Lo que queda del día
Cosas que nunca nos miramos Por Javier Acevedo Nieto

I.
Desenlazar las manos para destrabar las emociones. La lluvia recuerda la humedad del aliento, el calor de las palabras que se dicen para sentir en el pecho algo más que el entumecimiento que intenta colarse por los hombros. Cuando esta moja el pavimento y forma pequeños charcos, la mirada se pierde en el juego de espejitos acuosos adivinando los reflejos de esas calles paseadas una y otra vez, una y otra vez, una y otra vez. Quizá de este modo pueda inventarse una ciudad nueva, un callejero que sorprenda, un callejear por edificios cuyas piedras no se hayan contado antes. Desenlazar las manos para destrabar las emociones o, lo que es lo mismo, despedirse para aprender a saludarse. Es un gesto rutinario que Stevens trata de conquistar. Tímidamente acoge la mano de Miss Kenton aguantando la mirada. Por fin no tiene que esperar.
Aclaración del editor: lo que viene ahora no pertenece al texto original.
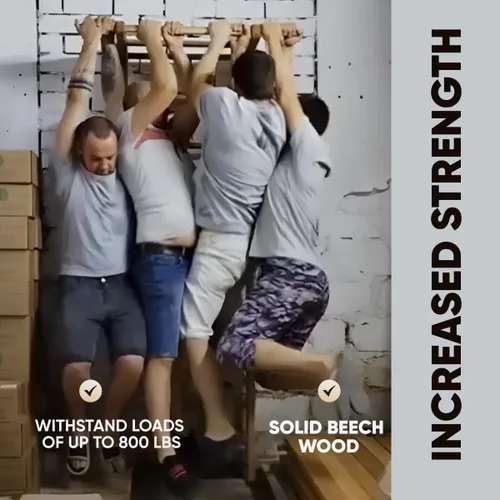 Vista 4 de Barras de Pared Suecas en Escalera para Niños y Adultos, hechas de Madera de Haya Sólida, Resisten Cargas hasta 400 kg, con Barra de Dominada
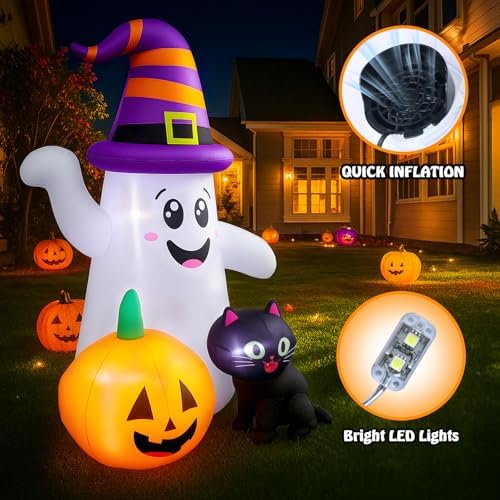 5 FT Halloween Inflatables, Cute Ghost with Pumpkin Black Cat Blow Up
Acosado durante toda su vida por el espíritu de la escalera, por esa sensación que infunde el valor de decirlo todo cuando nada ha pasado, Stevens llena su mirada con el lenguaje exacto de todas las goteras emocionales que se negó a reparar. Miss Kenton lo sabe y, al desenlazarse las manos, ambos lloran a su manera. Hay un protocolo emocional en el que el sombrero de Stevens se eleva sobre la cabeza y la mano de Miss Kenton se agita contra el viento. Poco importan las palabras de despedida, poco importan los gestos rutinarios. Es este un diálogo fundado en el tiempo, regido por la afectuosa rutina, escrito segundo a segundo, mañana a mañana, de un tiempo a este tiempo. Fuera de toda ceremonia, ajeno a cualquier ficción laboral, emancipado de la representación histórica; el diálogo de ambos se funde en la abstracción de un plano detalle. Lo que queda del día (The Remains of the Day, James Ivory, 1993) es el espacio exacto entre el gesto y la palabra. Entre ambos late la mirada que, como el ángel de la historia, avanza de espaldas para poder tropezarse en el espacio fuera de la historia.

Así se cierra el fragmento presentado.